Take the records below and set down exactly the lines from the one with "Cute Bear-Shaped Frameless Kids Sunglasses" to the one with "TRFL Mini puzzle 54 dílků Roztomilá zvířátka", ends included; do not copy the pictures.

• Input records
-*-*-

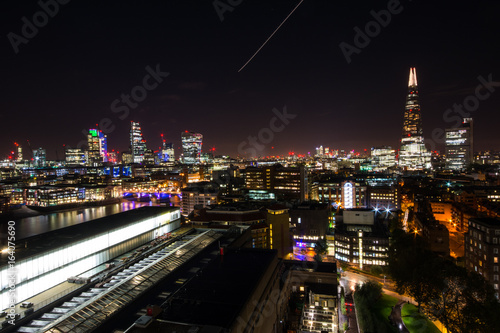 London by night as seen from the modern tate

-*-*-

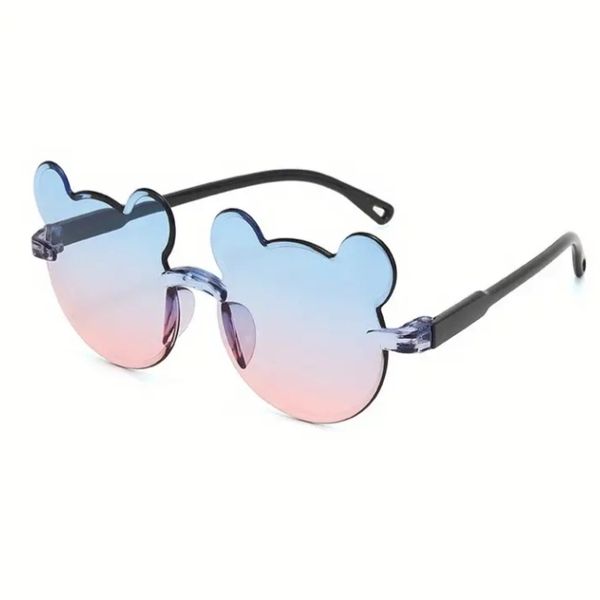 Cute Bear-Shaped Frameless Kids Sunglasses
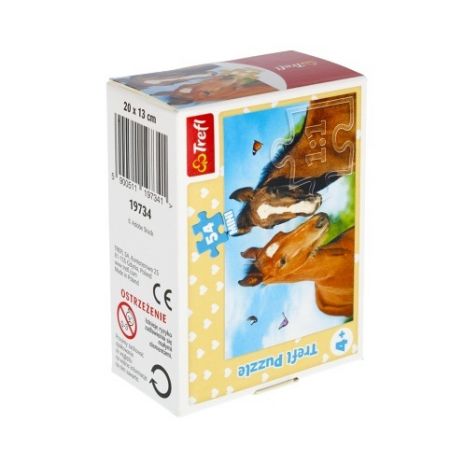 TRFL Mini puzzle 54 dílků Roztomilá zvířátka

-*-*-

• Answer box
 Cute Bear-Shaped Frameless Kids Sunglasses
 TRFL Mini puzzle 54 dílků Roztomilá zvířátka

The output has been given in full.